To have, or to have not: It’s no contest

We really do have a lot to be thankful for here in the Sultanate, which, day after day lives up to its oft-given tag of ‘The Jewel of the Middle East.”
For a start there is the weather which though it does get uncomfortably hot sometimes, you simply learn to manage your time in the sun a little better. One big advantage is that I don’t have to look out the window each day before deciding, for example, I go to work early in the mornings, and yes, I do mean early, as the call to prayer before dawn has proven an extremely effective alarm clock. The cooler early mornings are genuinely invigorating, and by the time I’ve arrived at work, I’m full of enthusiasm for the day that lies ahead.
I also take my exercise in the middle to late evenings, as I go for a two or three-kilometre walk. I take my phone, access the ‘Deezer’ app, and off I go. It’s not only healthy for me, but a chance to say hi to the local restaurant, coffee shop, late evening outdoor diners and barber shop workers, on my way past. I wave, say “Hello,” or “Salam Alaykum,” whichever I have learned is appropriate, and sometimes a word or two. I do get some comments, but I think most are in jest, so it’s all good. The best thing is that I feel totally at ease, and when I think back ten years ago when my family was incredibly apprehensive of my living in the Middle East, I simply smile and thank the stars that I did come here.
Speaking of feeling safe and relaxed, we had dinner with a group of visiting athletes, a couple of weeks ago, who were here for the big UTMB Ultra Race across the mountains. From Ireland, Switzerland, the US, Lebanon and the Canary Islands, they were a pretty eclectic group, but they were in awe of the hospitable reception they were getting from the locals, with being invited to join Omani families for coffee, dates or a meal, almost without exception.
In fact one of the Americans explained she had been forced to confront her attitudes towards the Middle East, as she had “lumped everybody into one big ‘be afraid, be very afraid,’ attitude.” She was adamant that she would be sharing a “very different message, on social media, and among her friends and family. It’s a message that we are really not getting at home.” It was great to sit and chat with this articulate group of positive, active, much-travelled people, and even better to hear them viewing Oman so positively. So, that’s just another good reason to be thankful for being here.

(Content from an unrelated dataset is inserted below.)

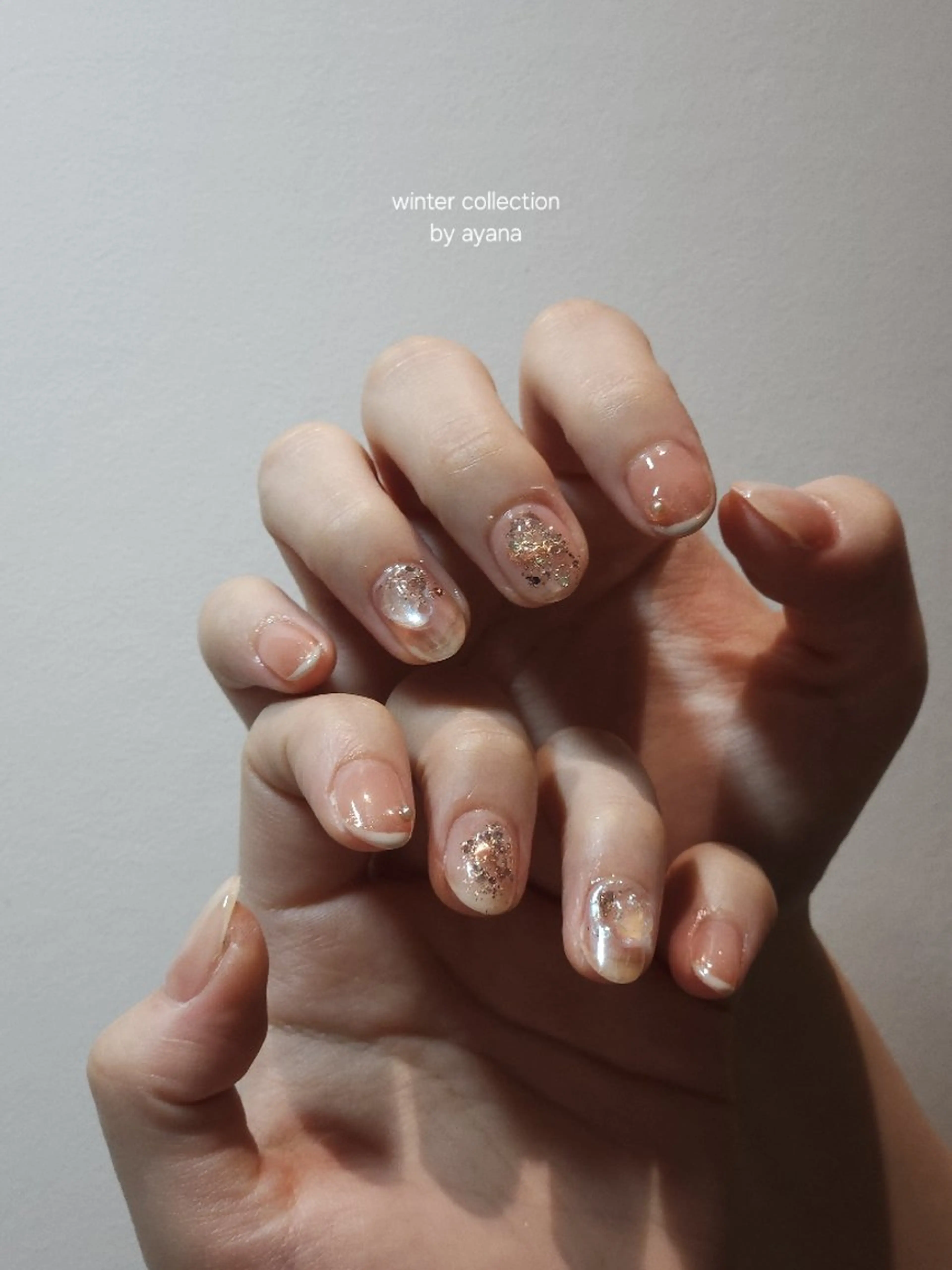 ネイル ハンドネイル ayana nails所属・nail salon ayanaのネイルデザイン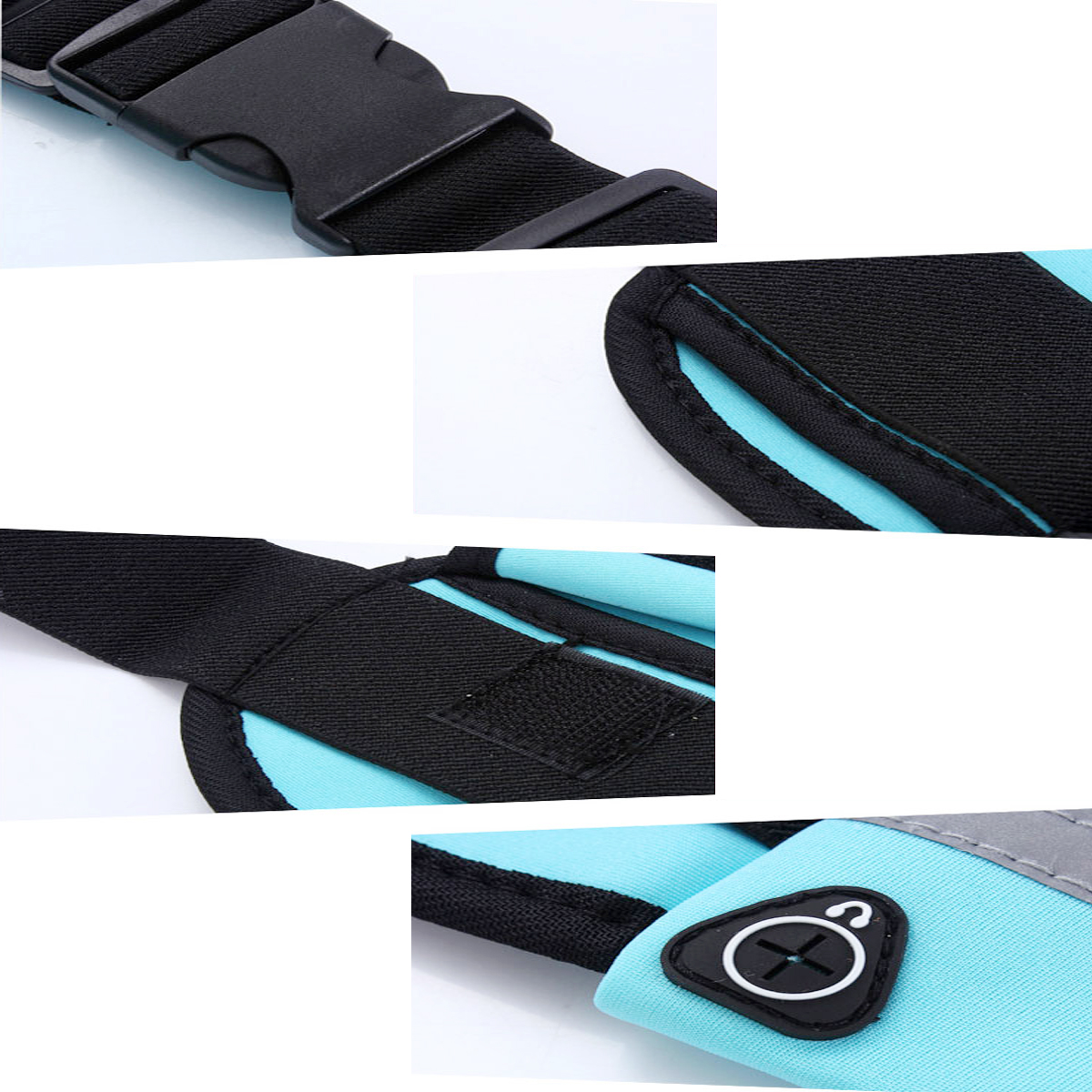 New Sport Hiking Bicycle Waist Phone Bag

The cost of petrol, though being twice the price it was when we arrived here all those years ago, is still comparatively inexpensive, and allows one all the latitude one needs to cover the country and enjoy, explore, and eventually embrace this raw, yet beautifully arid environment. With its diversity of sand, stones and sea, Oman offers a combination of sights and sounds to delight any tourist, and I feel sure that if the policies of the tourist operators and the ministry can be brought together to provide all manner of tourist experiences, this country could easily shake off its reliance on the oil and gas industries.
Finally, we are blessed that the culture, heritage and demeanour of the people of this magnificent little nation is what it is, rejecting the gun culture of the United States, the knife culture of the metropolitan United Kingdom, and the ‘high viz’ petrol riot culture of Europe. Yes. Let’s thank God for all that we have, and not what we have not.